Problem details — Please copy the lines below, exactly as they are, from the one with "Traueranzeige von Charlotte" through the one with "Модульная картина ArtPoster", and leave out the pictures.

Image-text web data —
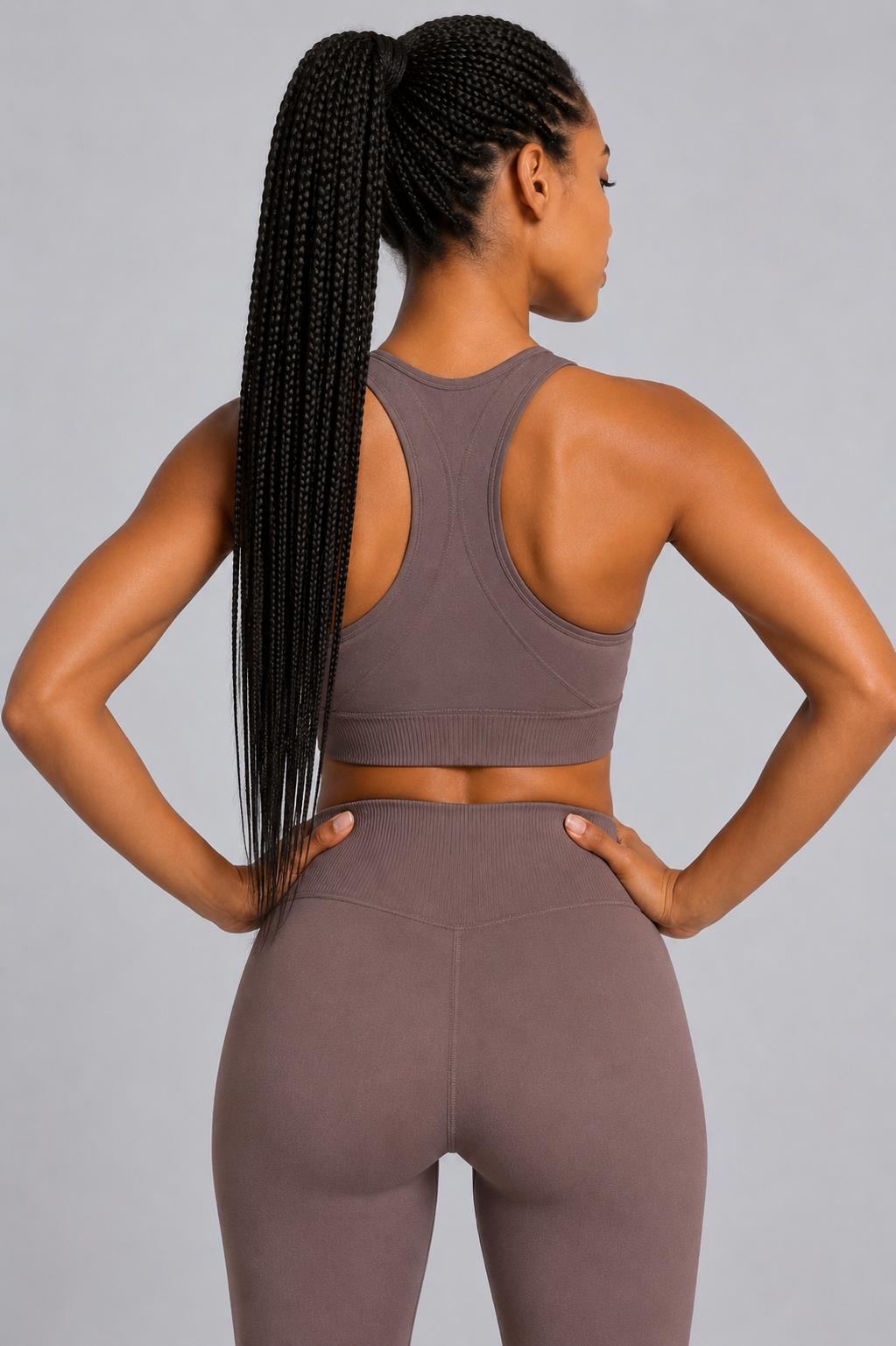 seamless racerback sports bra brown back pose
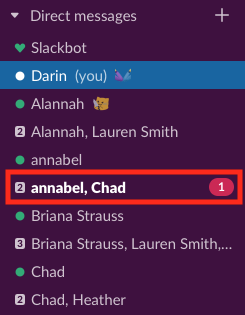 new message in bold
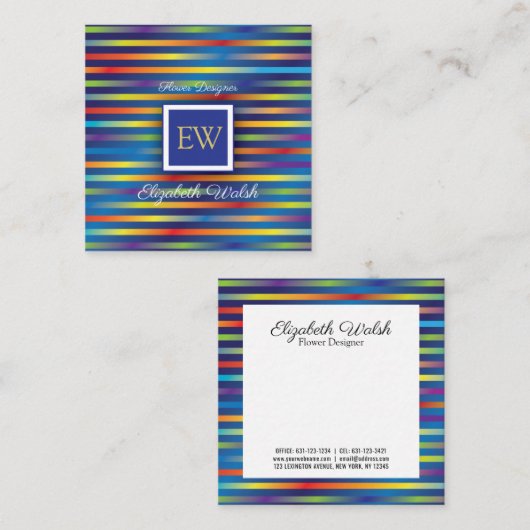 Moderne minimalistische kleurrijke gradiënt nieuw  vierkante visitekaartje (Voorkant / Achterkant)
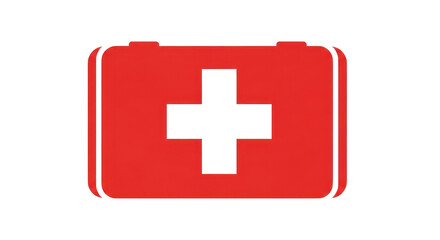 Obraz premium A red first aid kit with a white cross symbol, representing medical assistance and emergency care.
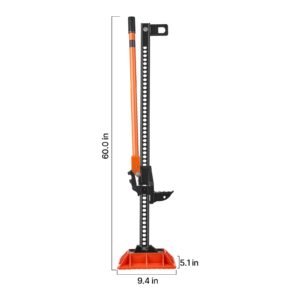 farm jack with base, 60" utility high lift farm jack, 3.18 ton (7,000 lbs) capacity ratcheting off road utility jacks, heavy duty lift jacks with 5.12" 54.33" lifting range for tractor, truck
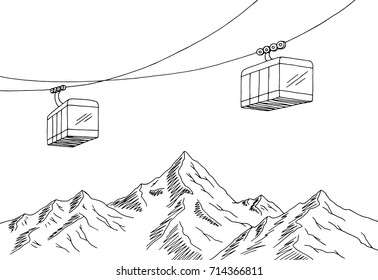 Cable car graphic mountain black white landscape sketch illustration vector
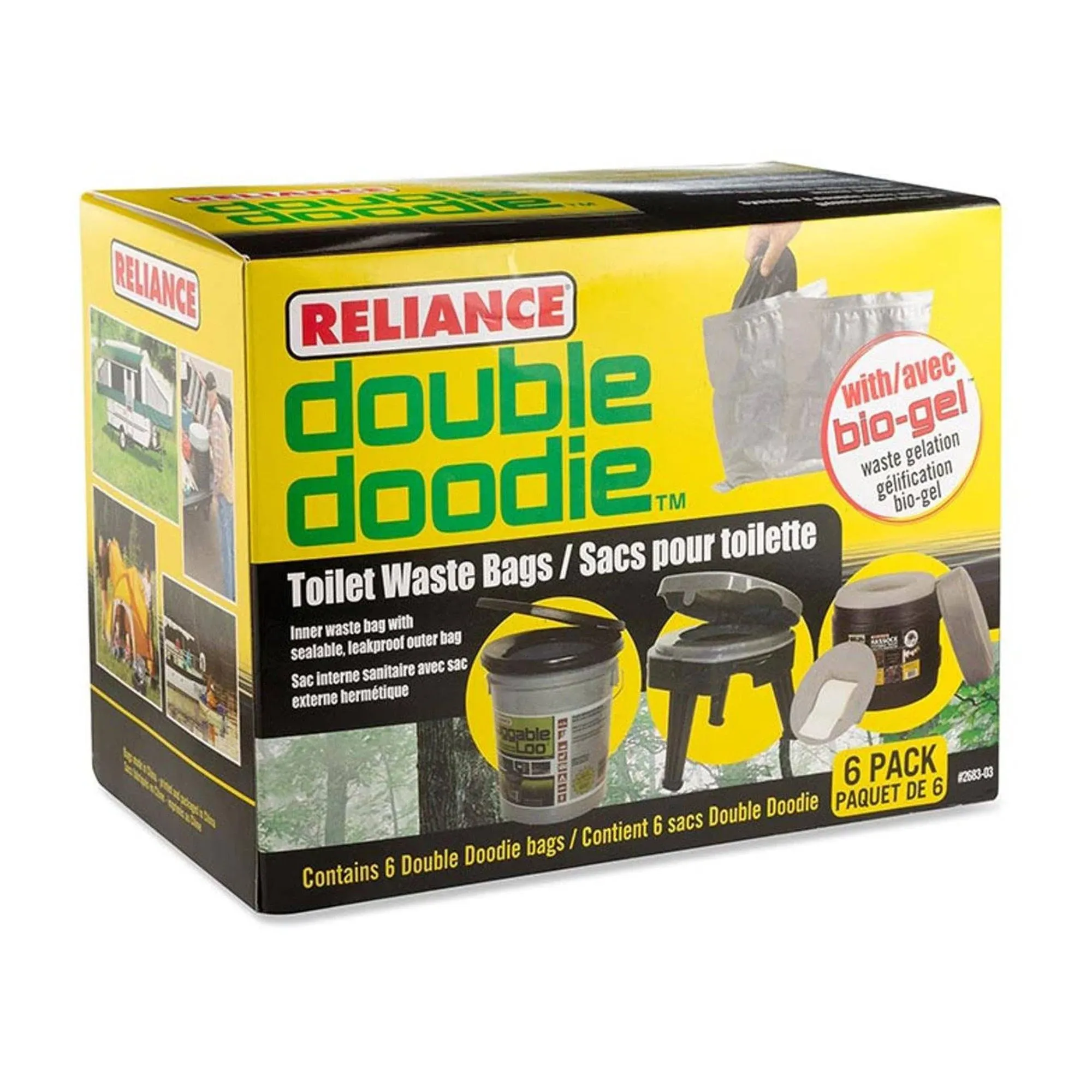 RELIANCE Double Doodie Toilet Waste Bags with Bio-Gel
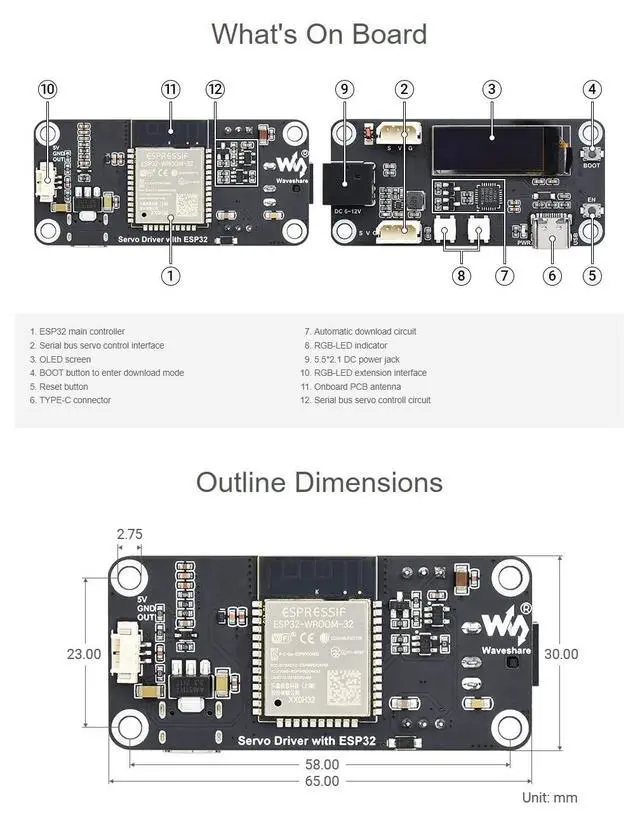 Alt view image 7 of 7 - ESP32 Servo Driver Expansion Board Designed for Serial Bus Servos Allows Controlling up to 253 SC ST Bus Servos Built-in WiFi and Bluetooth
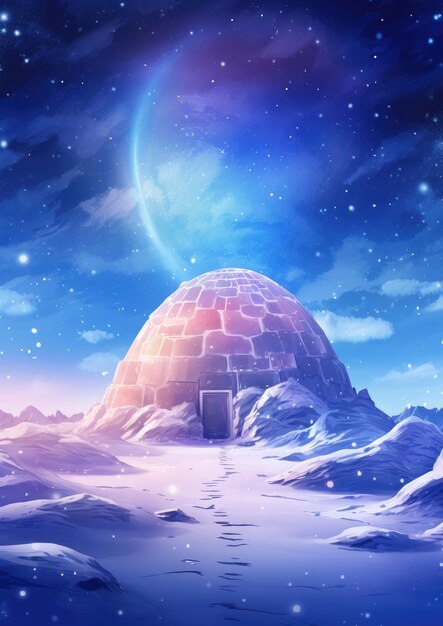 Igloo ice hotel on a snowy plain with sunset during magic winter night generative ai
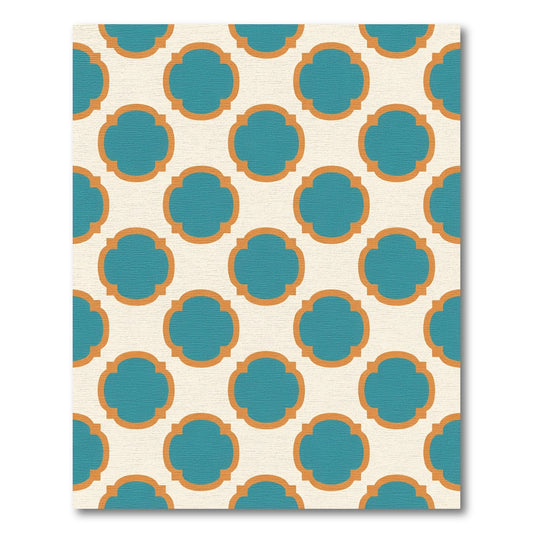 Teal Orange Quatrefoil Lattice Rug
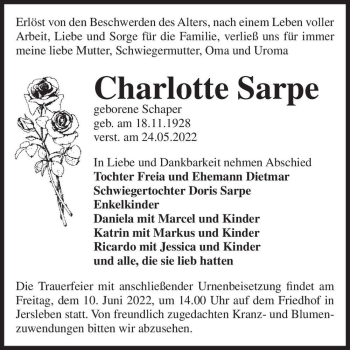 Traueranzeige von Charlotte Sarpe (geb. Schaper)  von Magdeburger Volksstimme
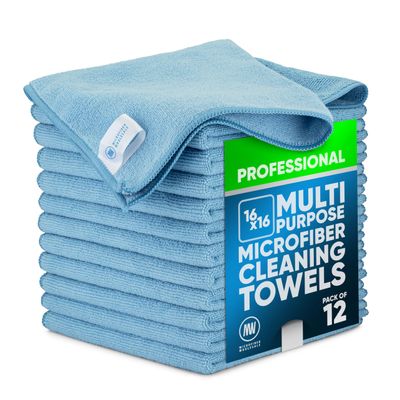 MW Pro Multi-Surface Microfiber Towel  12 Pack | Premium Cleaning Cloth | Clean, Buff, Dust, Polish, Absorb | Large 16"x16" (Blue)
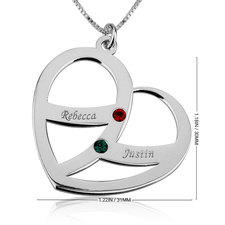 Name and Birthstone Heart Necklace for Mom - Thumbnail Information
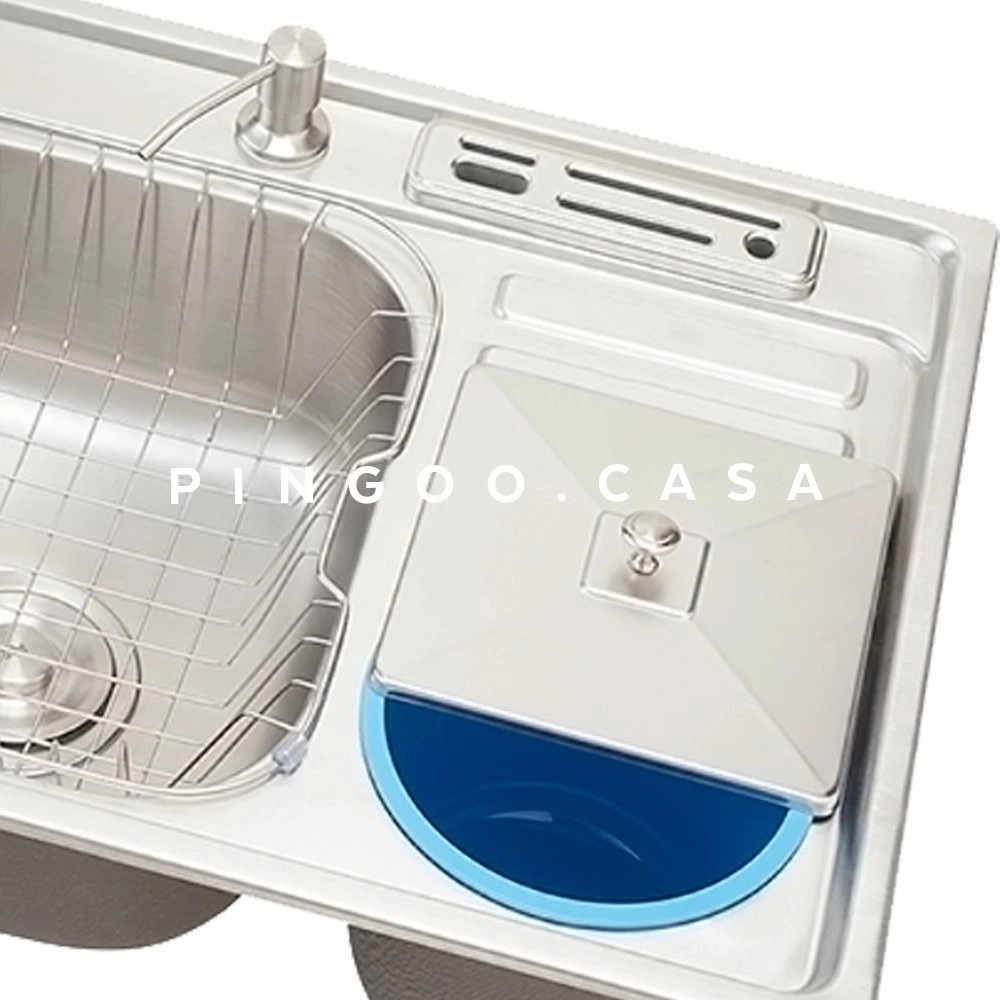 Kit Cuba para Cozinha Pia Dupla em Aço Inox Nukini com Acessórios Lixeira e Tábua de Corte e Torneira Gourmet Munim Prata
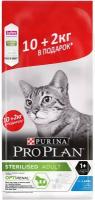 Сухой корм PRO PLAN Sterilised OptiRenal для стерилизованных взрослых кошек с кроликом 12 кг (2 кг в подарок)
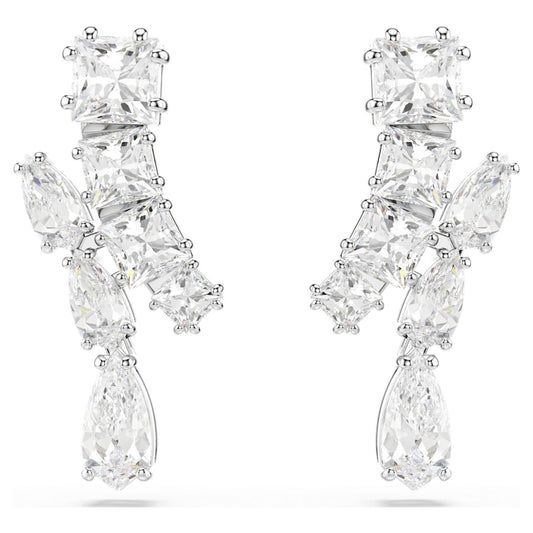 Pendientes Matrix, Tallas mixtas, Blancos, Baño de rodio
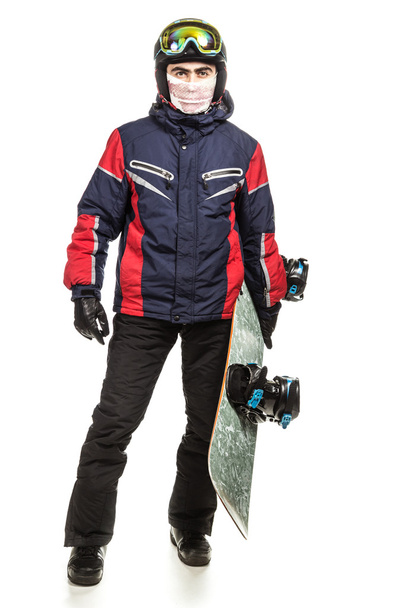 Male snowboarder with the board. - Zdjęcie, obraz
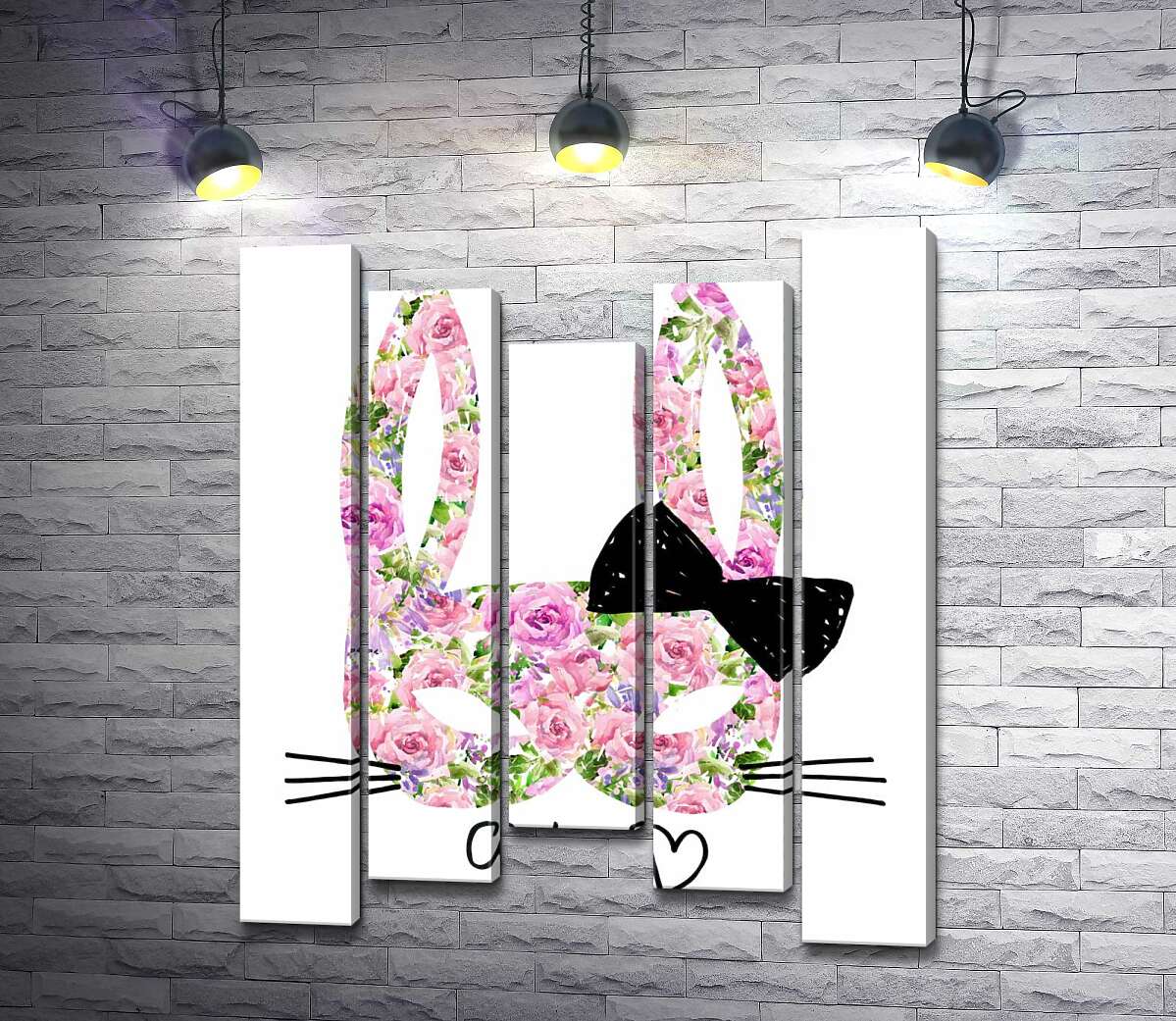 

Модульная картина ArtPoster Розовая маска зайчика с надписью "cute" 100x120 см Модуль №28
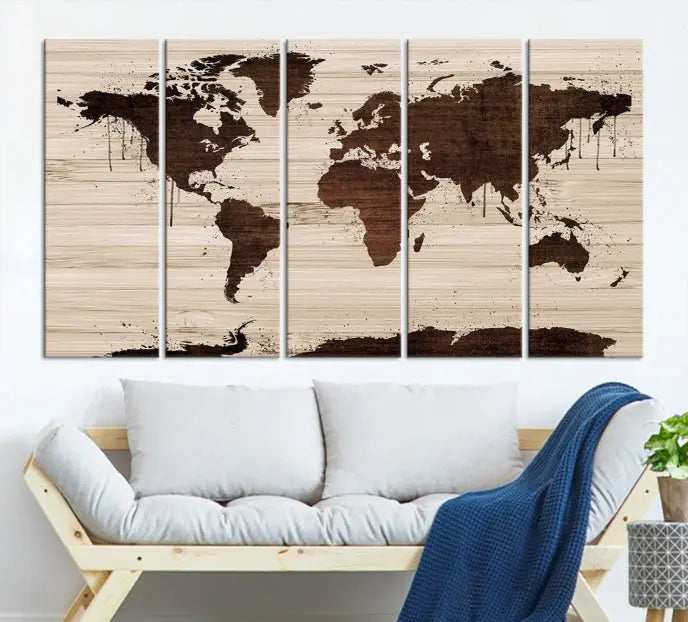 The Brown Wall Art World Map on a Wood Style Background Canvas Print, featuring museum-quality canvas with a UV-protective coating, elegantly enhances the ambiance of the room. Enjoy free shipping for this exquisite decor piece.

Solution for this exercise —
 Traueranzeige von Charlotte Sarpe (geb. Schaper)  von Magdeburger Volksstimme
 MW Pro Multi-Surface Microfiber Towel  12 Pack | Premium Cleaning Cloth | Clean, Buff, Dust, Polish, Absorb | Large 16"x16" (Blue)
 Name and Birthstone Heart Necklace for Mom - Thumbnail Information
 Kit Cuba para Cozinha Pia Dupla em Aço Inox Nukini com Acessórios Lixeira e Tábua de Corte e Torneira Gourmet Munim Prata
 Сухой корм PRO PLAN Sterilised OptiRenal для стерилизованных взрослых кошек с кроликом 12 кг (2 кг в подарок)
 Pendientes Matrix, Tallas mixtas, Blancos, Baño de rodio
 Male snowboarder with the board. - Zdjęcie, obraz

Модульная картина ArtPoster Розовая маска зайчика с надписью "cute" 100x120 см Модуль №28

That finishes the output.